My point is, there is a certain sort of attire that was once a daily thing for me – whether I liked it or not (which I did not) – and that still is likely to be a standard ‘uniform,’ if you will, for the professional class I counted myself to be a part of, not so long ago. But now, for me, it’s only a costume.


Aside from the pipe, which is nothing more than a prop from Spirit Halloween (yes, that notorious cheap-jack place that pops up in any space where a business has recently gone out of business – meaning it has no shortage of potential locations), everything here is straight out of my closet. I know your dad left behind a few old pipes, so I might not have had to shop for this cheap replacement, but I wouldn’t know where to look for any of them, and that’s assuming I didn’t get rid of them in the purge lo these many years back.
But the rest of the outfit is just normal dress clothes from a decade or so further back, perfectly suitable for office attire. Slightly more so, in fact; you might even remember back when I joined the church praise team, and one of the other members suggested I update my wardrobe in order to look more like Sunday morning (I think it was assumed back then that, like with any stage performance – which this was – those onstage should look one level better-dressed than the audience. Nowadays, for better or worse, that philosophy has been turned completely on its head, but hey… whatever makes people comfortable so that they keep coming back).

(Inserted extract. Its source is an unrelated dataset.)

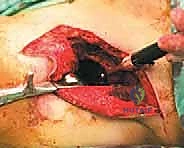 استخدام الرنين المغناطيسي في التشخيص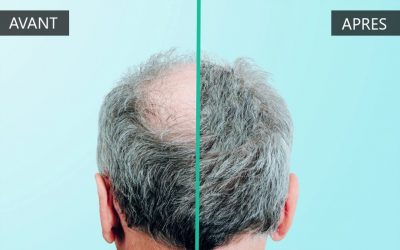 Greffe de cheveux en Hongrie : quels sont les avantages ?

I honestly can’t remember the last time I wore any of this stuff, though; as I said, there’s no call for it at church, and it reminds me too much of work for my liking. I won’t deny that it works on me – and it really does look nicer than most of what I prefer wearing; which, when combined with the beard, generally makes me look more like a well-groomed homeless person, if that doesn’t sound like an oxymoron.
The thing is, none of it feels right on me. Oh, once you get used to the knot in the cravat (and, since having lost all that weight, the collar of this dress shirt has enough give to it that I don’t need to pull the tie so tightly that it’s choking me. Now, if only I could say as much for the belt…), everything else is comfortable enough. And the layers make it ideal for tending my table outside; even though I do have a topcoat that would go with this ensemble, this should be quite sufficient in the late October chill (although I’m told that it will be sunny by noon and thereabouts, there are no guarantees at this time of year). But for all that, and that it looks very much like someone’s normal attire, it isn’t mine.
The fact that it’s part of my wardrobe can’t mitigate that; it just doesn’t feel right. Even my face feels wrong, like a scratchy woolen mask. It’s all just a costume, as far as I’m concerned.
Oh, don’t get me wrong; it’s a good enough costume, and I’ll still wear it (although when folks ask me who, exactly, I’m supposed to be, I’m going to be stuck for an answer. The best I can think of is “oh, just some average Oxford don,” and hope it’s sufficient). I’ll probably keep the beard for the winter, to see if it actually keeps my face warmer throughout the season (and get rid of it once we return from Japan; I wonder if anyone will think I resemble Hayao Miyazaki while we’re there). But I’m putting these clothes away once the festival is over, and I’m getting rid of these whiskers at some point in the relatively near future. Because this look just isn’t me, is it?
But for now, and until then, keep an eye on me, honey, and wish me luck. I’m going to need it.